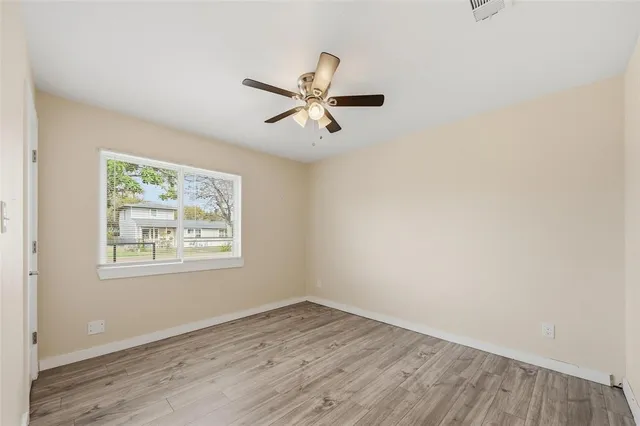 an empty room with wooden floor and ceiling fan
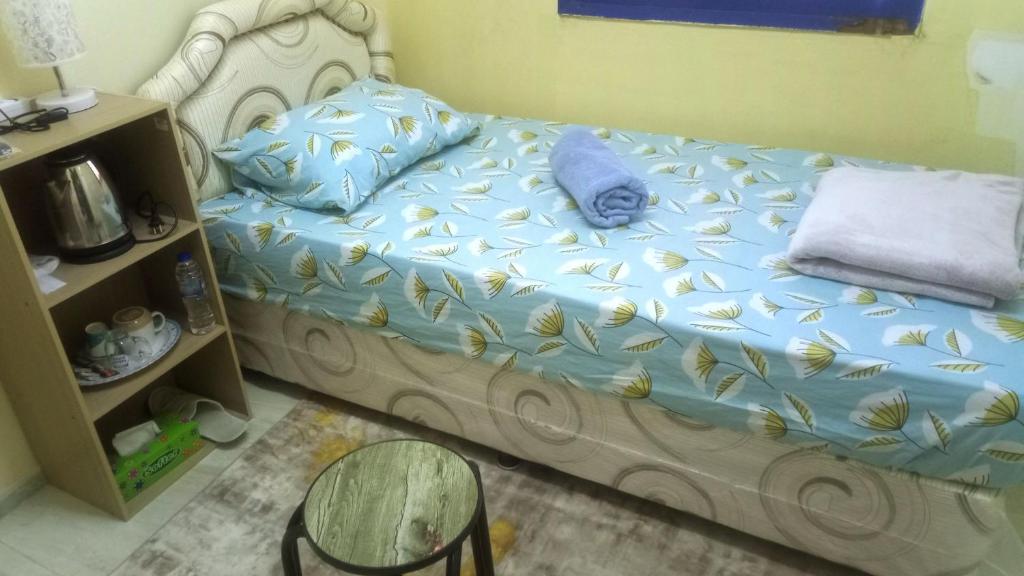 Postel nebo postele na pokoji v ubytování SALEM House Hostel Nizwa
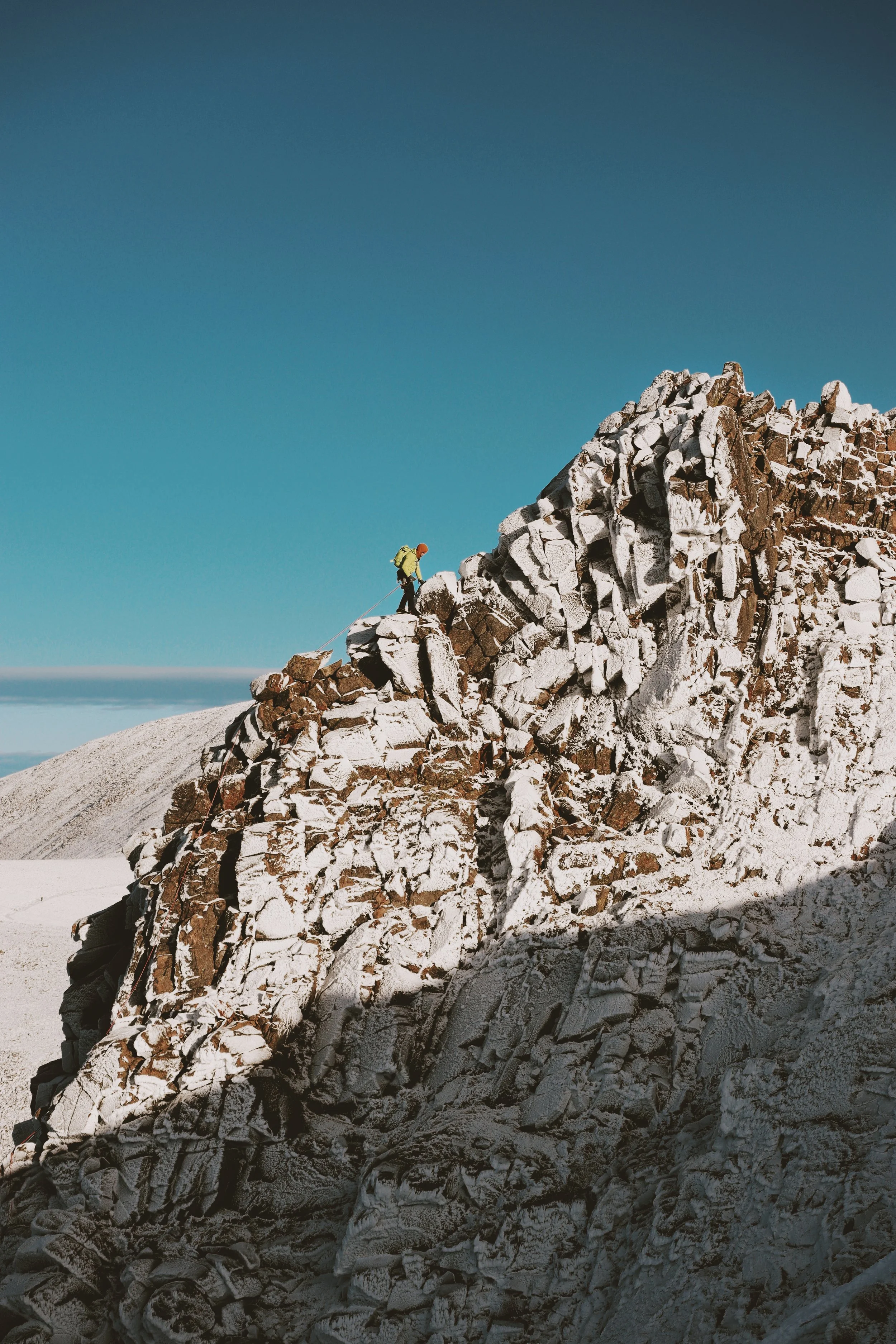 A person mountain climbing on a snow-covered rocky peak under a clear blue sky.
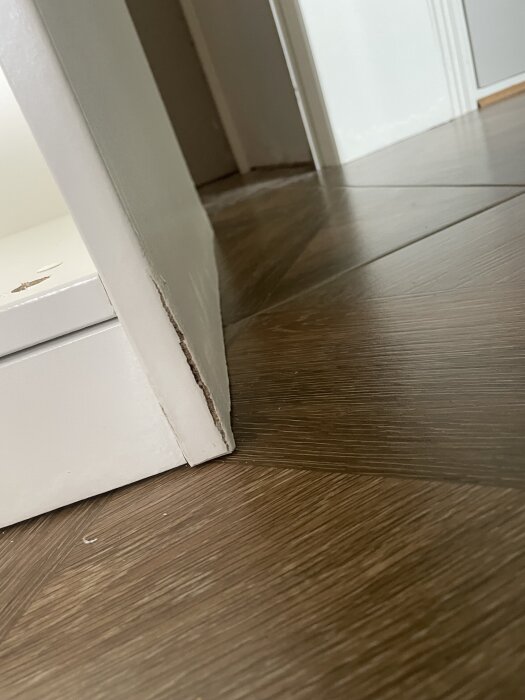 Kant på fuktskadad golvplatta och vägg i hall, visar vattenskador efter läckage.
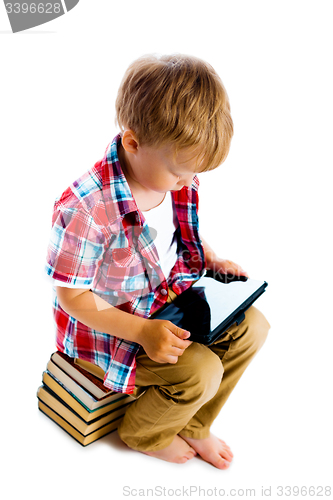 Image of boy with a Tablet PC sitting on the books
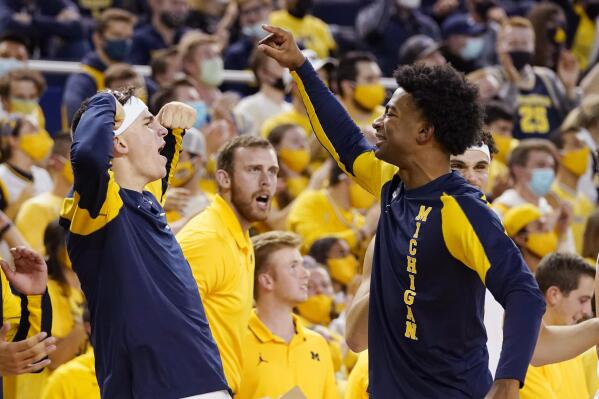 Michigan forward Will Tschetter, left, and guard Jace Howard react after a teammate's basket during the second half of an NCAA college basketball game against Buffalo, Wednesday, Nov. 10, 2021, in Ann Arbor, Mich. (AP Photo/Carlos Osorio)
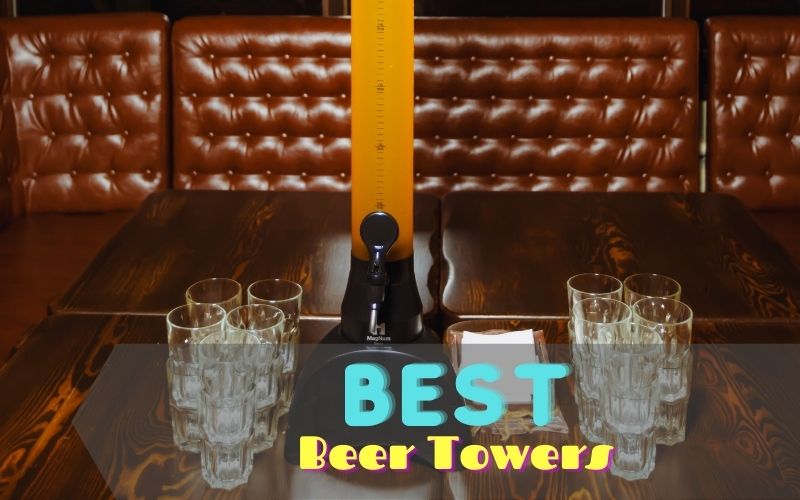Beer tower and glasses on a wooden table
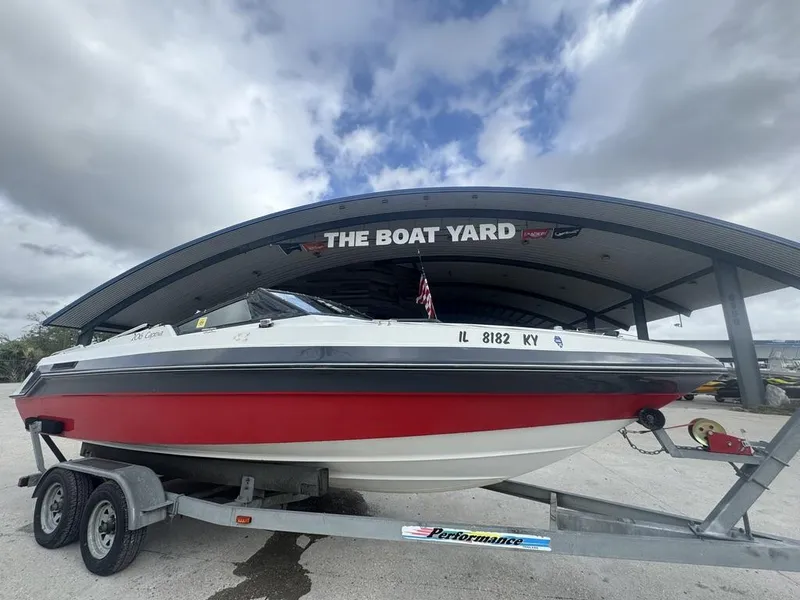 Slide: The Image of 1990 Rinker 206 Captiva Cuddy boat on trailer at The Boat Yard. - 4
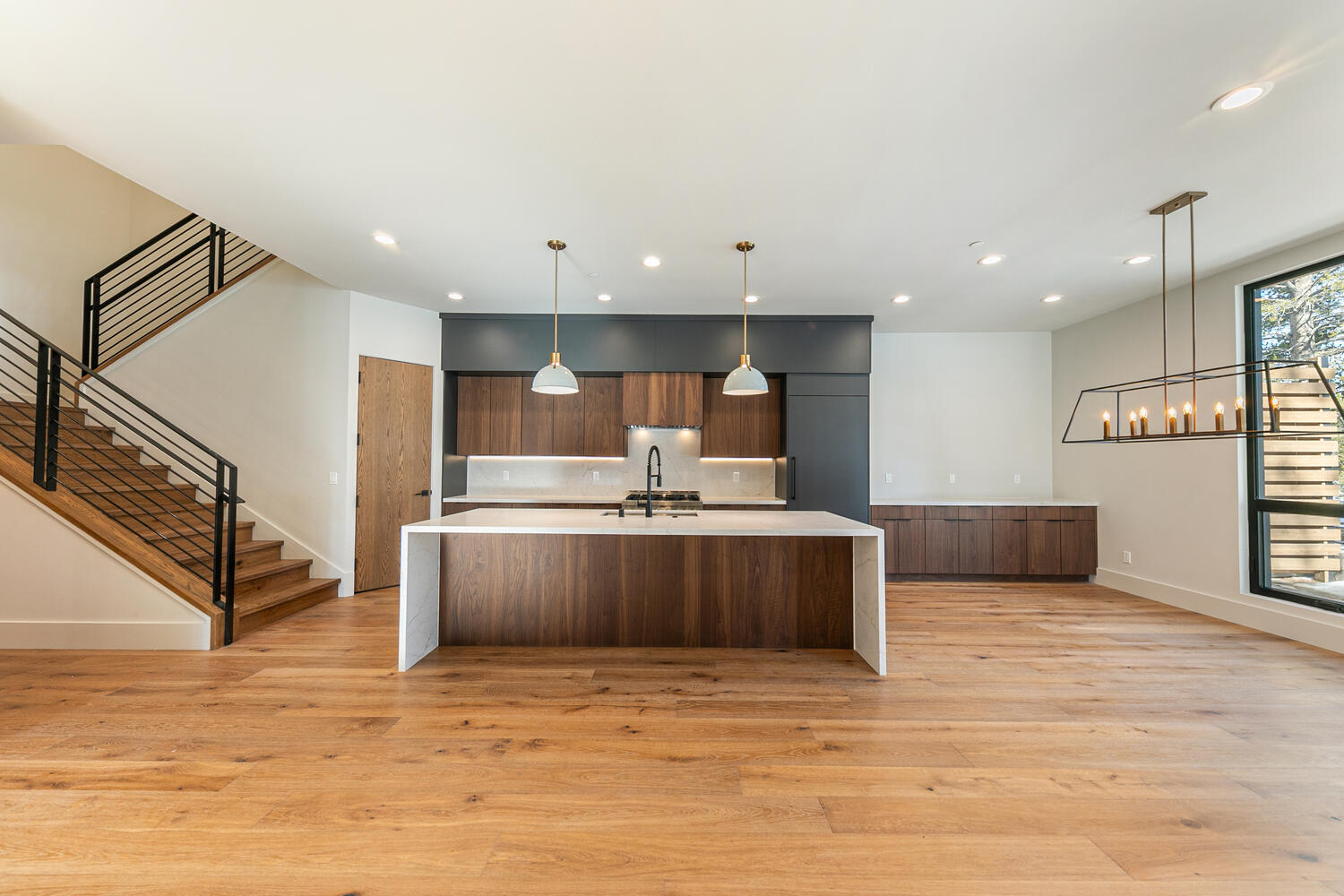 This is a modern kitchen with a large central island featuring a waterfall countertop and wooden cabinetry. The design includes dark-colored upper cabinets and accent lighting, along with sleek appliances. The kitchen also incorporates a staircase, hardwood flooring, and a dining area with a view from a large window, presenting an open and inviting living space.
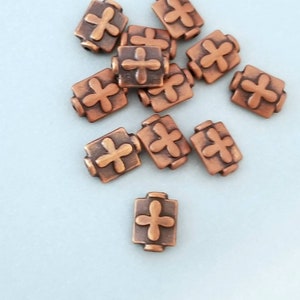 May include: A group of copper-colored metal beads with a cross design. The beads are scattered on a light blue surface.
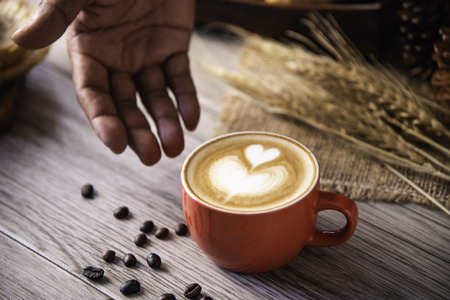 Barista's hands are delivering coffee to customers.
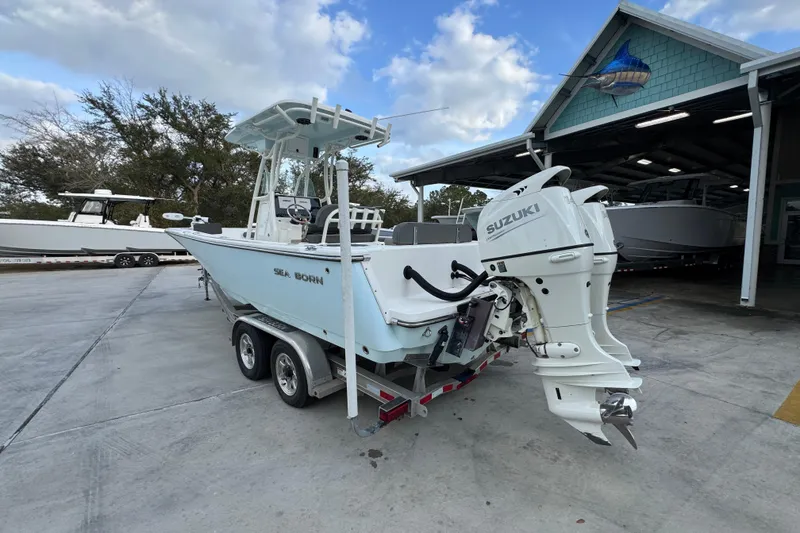 Slide: The Image of 2021 Sea Born LX24 Center Console boat with Suzuki outboard engines on a trailer. - 15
════════════════
ACTIVITY:
Where the line containing "This is a modern" appears above, start there and set down each line exactly through the last line of the data; leave out every picture.

RESPONSE AREA:
 This is a modern kitchen with a large central island featuring a waterfall countertop and wooden cabinetry. The design includes dark-colored upper cabinets and accent lighting, along with sleek appliances. The kitchen also incorporates a staircase, hardwood flooring, and a dining area with a view from a large window, presenting an open and inviting living space.
 May include: A group of copper-colored metal beads with a cross design. The beads are scattered on a light blue surface.
 Barista's hands are delivering coffee to customers.
 Slide: The Image of 2021 Sea Born LX24 Center Console boat with Suzuki outboard engines on a trailer. - 15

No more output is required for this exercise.